WHAT YOU HAVE TO DO: Please retype, unchanged, each line from the top of the material below through the line where "Электрокамин Artwood с" appears.

SUPPLIED MATERIAL:
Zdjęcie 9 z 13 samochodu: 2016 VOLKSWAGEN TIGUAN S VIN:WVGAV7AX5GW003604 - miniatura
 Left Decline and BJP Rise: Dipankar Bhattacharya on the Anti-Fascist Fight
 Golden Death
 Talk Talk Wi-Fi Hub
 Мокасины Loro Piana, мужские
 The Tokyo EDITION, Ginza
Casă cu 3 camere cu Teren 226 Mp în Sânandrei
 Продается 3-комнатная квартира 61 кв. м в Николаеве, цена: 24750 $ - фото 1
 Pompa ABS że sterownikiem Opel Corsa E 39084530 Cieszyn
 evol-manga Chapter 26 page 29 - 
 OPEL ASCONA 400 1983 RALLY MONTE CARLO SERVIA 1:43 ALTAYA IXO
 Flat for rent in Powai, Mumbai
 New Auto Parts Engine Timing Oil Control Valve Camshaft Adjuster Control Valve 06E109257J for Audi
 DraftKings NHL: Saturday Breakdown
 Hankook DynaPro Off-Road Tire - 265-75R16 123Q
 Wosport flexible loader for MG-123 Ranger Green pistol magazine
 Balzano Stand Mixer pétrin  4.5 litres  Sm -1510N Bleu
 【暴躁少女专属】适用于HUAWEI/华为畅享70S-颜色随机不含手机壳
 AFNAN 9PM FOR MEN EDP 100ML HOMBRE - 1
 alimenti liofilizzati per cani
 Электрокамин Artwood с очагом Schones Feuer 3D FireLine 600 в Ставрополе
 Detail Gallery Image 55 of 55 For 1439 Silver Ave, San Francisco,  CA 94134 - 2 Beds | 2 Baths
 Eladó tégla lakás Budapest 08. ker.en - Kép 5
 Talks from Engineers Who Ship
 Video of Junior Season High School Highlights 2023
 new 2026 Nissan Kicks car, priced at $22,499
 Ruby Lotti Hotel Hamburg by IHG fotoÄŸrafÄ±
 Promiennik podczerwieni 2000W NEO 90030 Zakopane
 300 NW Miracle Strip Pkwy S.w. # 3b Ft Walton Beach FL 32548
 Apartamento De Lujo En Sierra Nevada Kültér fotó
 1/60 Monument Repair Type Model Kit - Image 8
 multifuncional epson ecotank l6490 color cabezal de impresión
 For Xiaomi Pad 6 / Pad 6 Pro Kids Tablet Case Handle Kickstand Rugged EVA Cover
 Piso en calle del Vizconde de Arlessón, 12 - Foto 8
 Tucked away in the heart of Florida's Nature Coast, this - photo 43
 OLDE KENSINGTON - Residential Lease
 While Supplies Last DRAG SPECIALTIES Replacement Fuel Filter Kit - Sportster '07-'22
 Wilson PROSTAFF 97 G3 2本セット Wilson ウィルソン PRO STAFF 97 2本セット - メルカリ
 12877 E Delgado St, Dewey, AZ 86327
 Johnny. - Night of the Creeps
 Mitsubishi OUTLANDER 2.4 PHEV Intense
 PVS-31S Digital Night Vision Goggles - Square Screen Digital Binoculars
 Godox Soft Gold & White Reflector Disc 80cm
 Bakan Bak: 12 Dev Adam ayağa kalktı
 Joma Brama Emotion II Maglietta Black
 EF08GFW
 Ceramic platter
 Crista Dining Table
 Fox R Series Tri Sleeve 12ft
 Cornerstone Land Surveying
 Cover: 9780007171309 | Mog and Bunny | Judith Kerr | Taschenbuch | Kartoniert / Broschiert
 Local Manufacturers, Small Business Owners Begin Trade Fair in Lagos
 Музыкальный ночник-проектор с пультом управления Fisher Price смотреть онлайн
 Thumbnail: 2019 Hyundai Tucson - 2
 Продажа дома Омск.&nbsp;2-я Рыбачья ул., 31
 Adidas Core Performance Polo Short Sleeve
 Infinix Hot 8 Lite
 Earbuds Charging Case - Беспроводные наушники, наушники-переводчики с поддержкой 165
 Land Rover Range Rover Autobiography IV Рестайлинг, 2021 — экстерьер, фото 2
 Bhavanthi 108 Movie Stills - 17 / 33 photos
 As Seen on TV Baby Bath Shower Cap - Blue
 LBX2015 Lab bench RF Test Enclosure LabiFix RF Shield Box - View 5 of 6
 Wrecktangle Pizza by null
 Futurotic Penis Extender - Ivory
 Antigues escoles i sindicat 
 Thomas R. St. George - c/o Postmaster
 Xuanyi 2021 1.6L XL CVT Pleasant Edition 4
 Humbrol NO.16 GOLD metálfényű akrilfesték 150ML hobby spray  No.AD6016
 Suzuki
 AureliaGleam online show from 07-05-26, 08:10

ANSWER TO THE PROBLEM:
Zdjęcie 9 z 13 samochodu: 2016 VOLKSWAGEN TIGUAN S VIN:WVGAV7AX5GW003604 - miniatura
 Left Decline and BJP Rise: Dipankar Bhattacharya on the Anti-Fascist Fight
 Golden Death
 Talk Talk Wi-Fi Hub
 Мокасины Loro Piana, мужские
 The Tokyo EDITION, Ginza
Casă cu 3 camere cu Teren 226 Mp în Sânandrei
 Продается 3-комнатная квартира 61 кв. м в Николаеве, цена: 24750 $ - фото 1
 Pompa ABS że sterownikiem Opel Corsa E 39084530 Cieszyn
 evol-manga Chapter 26 page 29 - 
 OPEL ASCONA 400 1983 RALLY MONTE CARLO SERVIA 1:43 ALTAYA IXO
 Flat for rent in Powai, Mumbai
 New Auto Parts Engine Timing Oil Control Valve Camshaft Adjuster Control Valve 06E109257J for Audi
 DraftKings NHL: Saturday Breakdown
 Hankook DynaPro Off-Road Tire - 265-75R16 123Q
 Wosport flexible loader for MG-123 Ranger Green pistol magazine
 Balzano Stand Mixer pétrin  4.5 litres  Sm -1510N Bleu
 【暴躁少女专属】适用于HUAWEI/华为畅享70S-颜色随机不含手机壳
 AFNAN 9PM FOR MEN EDP 100ML HOMBRE - 1
 alimenti liofilizzati per cani
 Электрокамин Artwood с очагом Schones Feuer 3D FireLine 600 в Ставрополе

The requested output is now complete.